Alien hunters are just taking up space

By Peter Chianca / At Large
Friday, November 7, 2003

You've probably read by now that experts predict they'll make contact with intelligent alien life by 2025. Given that, I'd like to take this public forum to express what I consider to be an important and relevant thought:

ATTENTION ALIENS! I hereby renounce my earthly governments and submit to your subjugation! Please do not fry me with your death ray lasers!

There, I feel better.

Now, I know there will be some people who will say I'm overreacting. After all, why would intelligent alien beings fly millions of light years just to fry us with death ray lasers? The answer of course being, "Because they can." Duh.

I guess I can't blame the scientists, who hope the aliens will be able to answer complicated questions that are currently beyond our comprehension, such as, "Why do we keep spending millions of dollars on all these telescopes?" But if they don't realize that attracting the attention of space aliens could be
dangerous, they haven't seen enough movies featuring characters named "Gort."

I'm also nervous that the scientists say the first alien encounter could be with a super-intelligent machine. If you ask me, this may have already happened - if you were an advanced alien race looking to conquer an inferior planet, what would you send ahead? That's right, iPods.

Granted, there's a small chance the aliens may not be belligerent. Maybe they'll be just like Chewbacca in "Star Wars," who spoke in cute little growls, and in "Return of the Jedi" got so excited by the sight of raw meat that he wound up getting trapped by a bunch of little Ewoks. (That this guy could co-pilot
the Millennium Falcon always amazed me; that's like letting your golden retriever drive your Audi.)

But beyond the chance that the aliens could be violent, there are other dangers. For instance, what if they're better looking than us? Earthlings, particularly American earthlings, would not take well to being subjugated by aliens who looked like George Clooney and Catherine Zeta-Jones; at least if they had
grotesquely large heads and scales we'd be able to feel superior about our skin tone as they prepared us for transport to the dilithium crystal mines.

Or what if they want to harvest natural resources that are only available on earth, like our reality TV contestants?
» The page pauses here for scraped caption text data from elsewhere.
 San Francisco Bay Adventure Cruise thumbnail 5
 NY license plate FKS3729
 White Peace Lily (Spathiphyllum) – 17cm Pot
I say we have them all prepped and waiting on the top of the Empire State Building, just in case.

Of course, this whole announcement could just be a publicity stunt After all, it happens to coincide exactly with the re-release of the movie "Alien." This is the movie series that features aliens who don't help answer complicated scientific questions so much as pop out of people's chests, turn into giant mutant bugs and disembowel people with their pointy tails. On the plus
side, they don't wear silver jumpsuits. Those are just silly.

But if the prediction is for real, I should reiterate that I don't mean to be critical of the scientists who are searching for aliens, which they're being paid good grant money to do. I'm just wondering: Do you think our government - you know, the government that can't find WMDs in Iraq - is capable of
protecting us from a fleet of marauding interstellar warships?

ATTENTION ALIENS! You know where to find me.

Peter Chianca is a managing editor for Community Newspaper Company. He is currently working on a giant model of a mountain made of mashed potatoes - not because he had a vision or anything; he just really likes mashed potatoes.